Beginning from the foundational premise that a material adverse effect should be understood from the perspective of a reasonable acquirer, this article argues that such an effect is a material reduction in the value of the company as reasonably understood in accordance with accepted principles of corporate finance—that is, as a material reduction in the present value of all the company’s future cashflows. Hence, to determine if there has been a material adverse effect, the court has to value the company twice, once as of the date of signing and again as of the date of the alleged material adverse effect, in each case much as it would in an appraisal action.

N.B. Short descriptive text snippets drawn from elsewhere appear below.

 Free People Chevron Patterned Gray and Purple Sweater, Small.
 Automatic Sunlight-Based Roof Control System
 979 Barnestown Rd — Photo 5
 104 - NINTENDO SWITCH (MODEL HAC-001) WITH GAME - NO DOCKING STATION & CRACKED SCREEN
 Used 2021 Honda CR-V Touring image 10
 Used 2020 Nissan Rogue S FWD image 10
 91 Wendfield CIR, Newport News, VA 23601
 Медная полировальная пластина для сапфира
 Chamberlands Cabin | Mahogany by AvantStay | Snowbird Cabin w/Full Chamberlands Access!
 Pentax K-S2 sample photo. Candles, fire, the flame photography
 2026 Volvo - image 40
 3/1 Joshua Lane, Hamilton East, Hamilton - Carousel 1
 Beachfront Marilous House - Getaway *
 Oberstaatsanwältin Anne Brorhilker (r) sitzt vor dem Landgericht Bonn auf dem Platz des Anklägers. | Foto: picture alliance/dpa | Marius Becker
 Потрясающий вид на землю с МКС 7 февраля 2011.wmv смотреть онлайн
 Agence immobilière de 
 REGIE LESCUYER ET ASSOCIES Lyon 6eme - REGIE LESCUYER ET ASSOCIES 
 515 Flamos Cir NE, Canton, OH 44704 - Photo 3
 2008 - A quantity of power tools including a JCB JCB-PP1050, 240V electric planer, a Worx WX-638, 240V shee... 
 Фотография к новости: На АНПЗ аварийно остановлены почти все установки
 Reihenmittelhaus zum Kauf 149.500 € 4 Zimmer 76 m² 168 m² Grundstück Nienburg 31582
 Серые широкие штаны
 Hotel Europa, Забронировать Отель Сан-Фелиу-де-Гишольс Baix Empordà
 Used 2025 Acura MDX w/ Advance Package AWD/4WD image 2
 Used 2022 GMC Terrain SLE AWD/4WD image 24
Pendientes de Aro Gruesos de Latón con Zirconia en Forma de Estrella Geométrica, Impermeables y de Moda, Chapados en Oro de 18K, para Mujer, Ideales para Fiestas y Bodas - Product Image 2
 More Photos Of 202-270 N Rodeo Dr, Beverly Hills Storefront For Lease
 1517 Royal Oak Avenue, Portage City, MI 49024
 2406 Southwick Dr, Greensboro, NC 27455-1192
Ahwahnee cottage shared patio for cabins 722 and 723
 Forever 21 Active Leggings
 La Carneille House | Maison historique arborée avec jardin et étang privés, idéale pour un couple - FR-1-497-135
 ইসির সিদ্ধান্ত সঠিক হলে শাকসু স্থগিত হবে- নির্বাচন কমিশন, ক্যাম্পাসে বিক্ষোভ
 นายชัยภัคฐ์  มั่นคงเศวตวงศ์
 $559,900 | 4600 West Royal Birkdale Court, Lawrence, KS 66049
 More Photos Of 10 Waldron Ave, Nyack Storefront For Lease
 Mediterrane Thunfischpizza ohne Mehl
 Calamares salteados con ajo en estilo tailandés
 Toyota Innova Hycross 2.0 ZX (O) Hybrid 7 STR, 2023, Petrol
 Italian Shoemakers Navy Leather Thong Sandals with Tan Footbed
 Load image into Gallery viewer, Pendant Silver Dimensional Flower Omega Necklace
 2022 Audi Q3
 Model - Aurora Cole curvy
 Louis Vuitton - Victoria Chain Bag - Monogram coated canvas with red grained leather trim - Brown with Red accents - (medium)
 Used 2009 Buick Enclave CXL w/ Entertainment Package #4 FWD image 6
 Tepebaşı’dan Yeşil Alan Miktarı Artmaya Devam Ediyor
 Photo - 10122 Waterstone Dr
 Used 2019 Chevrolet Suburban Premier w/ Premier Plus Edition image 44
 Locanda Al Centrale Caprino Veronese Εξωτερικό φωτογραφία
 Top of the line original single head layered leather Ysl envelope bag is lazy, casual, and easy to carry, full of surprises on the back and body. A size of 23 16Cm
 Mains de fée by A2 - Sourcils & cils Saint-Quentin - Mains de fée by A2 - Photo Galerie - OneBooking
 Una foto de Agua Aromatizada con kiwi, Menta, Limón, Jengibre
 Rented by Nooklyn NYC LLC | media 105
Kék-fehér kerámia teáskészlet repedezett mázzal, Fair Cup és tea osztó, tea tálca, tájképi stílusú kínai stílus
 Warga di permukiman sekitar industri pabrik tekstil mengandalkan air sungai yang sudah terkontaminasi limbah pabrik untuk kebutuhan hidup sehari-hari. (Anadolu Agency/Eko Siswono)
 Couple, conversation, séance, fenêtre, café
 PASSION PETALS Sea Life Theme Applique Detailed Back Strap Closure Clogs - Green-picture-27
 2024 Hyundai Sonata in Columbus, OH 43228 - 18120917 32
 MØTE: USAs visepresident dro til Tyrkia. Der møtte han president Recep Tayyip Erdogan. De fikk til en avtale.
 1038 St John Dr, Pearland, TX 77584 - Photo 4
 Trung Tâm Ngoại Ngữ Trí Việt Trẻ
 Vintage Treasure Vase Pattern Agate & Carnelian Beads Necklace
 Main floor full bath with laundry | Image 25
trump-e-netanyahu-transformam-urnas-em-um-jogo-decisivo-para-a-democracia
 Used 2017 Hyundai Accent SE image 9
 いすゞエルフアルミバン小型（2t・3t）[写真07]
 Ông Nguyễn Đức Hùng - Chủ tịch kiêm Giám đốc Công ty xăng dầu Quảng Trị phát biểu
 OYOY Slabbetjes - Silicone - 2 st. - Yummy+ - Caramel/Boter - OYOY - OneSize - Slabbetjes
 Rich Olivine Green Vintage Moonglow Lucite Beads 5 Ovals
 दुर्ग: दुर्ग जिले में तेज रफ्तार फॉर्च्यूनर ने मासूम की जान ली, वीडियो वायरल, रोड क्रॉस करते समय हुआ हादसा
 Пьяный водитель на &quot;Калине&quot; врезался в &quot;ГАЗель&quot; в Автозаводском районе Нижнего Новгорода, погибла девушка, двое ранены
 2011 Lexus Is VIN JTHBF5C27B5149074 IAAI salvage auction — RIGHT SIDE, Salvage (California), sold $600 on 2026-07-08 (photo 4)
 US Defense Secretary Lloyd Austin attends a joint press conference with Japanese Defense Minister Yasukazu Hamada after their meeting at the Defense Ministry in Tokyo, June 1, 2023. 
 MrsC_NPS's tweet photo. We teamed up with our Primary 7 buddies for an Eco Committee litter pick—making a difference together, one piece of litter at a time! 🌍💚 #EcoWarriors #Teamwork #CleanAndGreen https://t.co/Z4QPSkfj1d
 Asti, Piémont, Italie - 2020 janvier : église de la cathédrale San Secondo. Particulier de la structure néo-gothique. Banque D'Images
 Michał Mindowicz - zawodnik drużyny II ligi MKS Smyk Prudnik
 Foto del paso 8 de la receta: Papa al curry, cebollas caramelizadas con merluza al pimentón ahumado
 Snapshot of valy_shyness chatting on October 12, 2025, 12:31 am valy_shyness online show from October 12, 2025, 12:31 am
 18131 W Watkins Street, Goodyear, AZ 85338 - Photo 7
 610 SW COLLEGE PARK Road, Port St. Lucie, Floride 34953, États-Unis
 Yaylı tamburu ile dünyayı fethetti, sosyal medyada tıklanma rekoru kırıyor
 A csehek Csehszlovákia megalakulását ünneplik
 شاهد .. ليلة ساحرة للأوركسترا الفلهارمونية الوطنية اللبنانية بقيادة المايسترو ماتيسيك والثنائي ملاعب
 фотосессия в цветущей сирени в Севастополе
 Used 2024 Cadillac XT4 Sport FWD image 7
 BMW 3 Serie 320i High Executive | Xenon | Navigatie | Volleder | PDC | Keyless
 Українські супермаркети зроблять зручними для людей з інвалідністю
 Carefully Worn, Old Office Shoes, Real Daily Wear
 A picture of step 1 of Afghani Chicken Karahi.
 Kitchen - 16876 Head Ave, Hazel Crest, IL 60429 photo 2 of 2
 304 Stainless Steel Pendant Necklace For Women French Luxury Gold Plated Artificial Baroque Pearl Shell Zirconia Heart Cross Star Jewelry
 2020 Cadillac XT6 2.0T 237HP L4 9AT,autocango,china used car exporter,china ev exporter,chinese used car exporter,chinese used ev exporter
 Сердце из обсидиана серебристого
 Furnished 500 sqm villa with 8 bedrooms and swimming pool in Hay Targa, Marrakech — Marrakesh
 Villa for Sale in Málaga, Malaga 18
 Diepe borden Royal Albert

Valuing the company is easier and more reliable in the MAE context than in the appraisal context, however, not only because the court need obtain only a range of values for the company at the two relevant times (and not pinpoint valuations as in appraisal proceedings) but also because it turns out that there is a canonical way to determine if a reduction in the value of the company would be material to a reasonable acquirer.

Of course, everybody’s first reaction to this is that the appraisal experience has shown that valuations – even ranges of valuations – can be pretty slippery concepts.  But the article argues that the dynamics of the negotiation process will help eliminate some of the problems inherent in appraisals:

[P]rior to signing the agreement, each party, along with its financial advisor, will almost certainly have valued the company using a discounted cashflow analysis. These analyses will have been produced not to generate extreme values for the purposes of litigation but to produce accurate values to assist the parties in negotiating the transaction.

Furthermore, given the widespread agreement among investment bankers regarding valuation methods, and given too that investment bankers on both sides tend to rely on management’s cashflow projections, in most cases these pre-signing discounted cashflow analyses are likely to produce similar valuation ranges.

Since both sides are likely to have a similar starting point in their valuation analysis, the article also argues that the process of determining whether there’s been a material reduction in anticipated future cash flows will also be more straightforward.